:: Input material ::

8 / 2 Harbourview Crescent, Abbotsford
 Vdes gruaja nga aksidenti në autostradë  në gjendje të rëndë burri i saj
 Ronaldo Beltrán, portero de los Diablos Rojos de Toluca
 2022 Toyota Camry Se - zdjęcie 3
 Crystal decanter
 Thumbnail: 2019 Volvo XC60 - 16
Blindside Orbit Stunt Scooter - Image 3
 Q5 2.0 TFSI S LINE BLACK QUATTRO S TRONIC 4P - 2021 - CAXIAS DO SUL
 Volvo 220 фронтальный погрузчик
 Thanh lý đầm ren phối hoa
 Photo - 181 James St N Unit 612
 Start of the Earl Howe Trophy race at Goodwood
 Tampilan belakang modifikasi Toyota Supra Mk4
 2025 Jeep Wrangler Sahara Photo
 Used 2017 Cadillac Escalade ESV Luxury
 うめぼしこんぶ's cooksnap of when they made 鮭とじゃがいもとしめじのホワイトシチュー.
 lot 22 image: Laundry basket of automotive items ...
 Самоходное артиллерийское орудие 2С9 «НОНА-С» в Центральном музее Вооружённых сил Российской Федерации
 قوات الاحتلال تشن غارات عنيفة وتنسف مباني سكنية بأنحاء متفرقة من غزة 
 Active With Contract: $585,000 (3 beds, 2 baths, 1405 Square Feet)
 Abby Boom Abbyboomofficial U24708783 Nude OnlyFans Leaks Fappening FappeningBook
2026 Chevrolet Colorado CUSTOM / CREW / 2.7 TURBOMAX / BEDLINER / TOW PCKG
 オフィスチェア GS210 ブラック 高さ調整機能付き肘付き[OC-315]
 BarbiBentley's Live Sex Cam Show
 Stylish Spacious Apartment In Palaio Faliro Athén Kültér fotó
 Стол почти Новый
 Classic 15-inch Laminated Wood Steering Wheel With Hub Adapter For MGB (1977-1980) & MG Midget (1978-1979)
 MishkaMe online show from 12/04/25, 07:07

:::

Assignment » The answer must be the full listing, written out word for word.

Answer for the task »
8 / 2 Harbourview Crescent, Abbotsford
 Vdes gruaja nga aksidenti në autostradë  në gjendje të rëndë burri i saj
 Ronaldo Beltrán, portero de los Diablos Rojos de Toluca
 2022 Toyota Camry Se - zdjęcie 3
 Crystal decanter
 Thumbnail: 2019 Volvo XC60 - 16
Blindside Orbit Stunt Scooter - Image 3
 Q5 2.0 TFSI S LINE BLACK QUATTRO S TRONIC 4P - 2021 - CAXIAS DO SUL
 Volvo 220 фронтальный погрузчик
 Thanh lý đầm ren phối hoa
 Photo - 181 James St N Unit 612
 Start of the Earl Howe Trophy race at Goodwood
 Tampilan belakang modifikasi Toyota Supra Mk4
 2025 Jeep Wrangler Sahara Photo
 Used 2017 Cadillac Escalade ESV Luxury
 うめぼしこんぶ's cooksnap of when they made 鮭とじゃがいもとしめじのホワイトシチュー.
 lot 22 image: Laundry basket of automotive items ...
 Самоходное артиллерийское орудие 2С9 «НОНА-С» в Центральном музее Вооружённых сил Российской Федерации
 قوات الاحتلال تشن غارات عنيفة وتنسف مباني سكنية بأنحاء متفرقة من غزة 
 Active With Contract: $585,000 (3 beds, 2 baths, 1405 Square Feet)
 Abby Boom Abbyboomofficial U24708783 Nude OnlyFans Leaks Fappening FappeningBook
2026 Chevrolet Colorado CUSTOM / CREW / 2.7 TURBOMAX / BEDLINER / TOW PCKG
 オフィスチェア GS210 ブラック 高さ調整機能付き肘付き[OC-315]
 BarbiBentley's Live Sex Cam Show
 Stylish Spacious Apartment In Palaio Faliro Athén Kültér fotó
 Стол почти Новый
 Classic 15-inch Laminated Wood Steering Wheel With Hub Adapter For MGB (1977-1980) & MG Midget (1978-1979)
 MishkaMe online show from 12/04/25, 07:07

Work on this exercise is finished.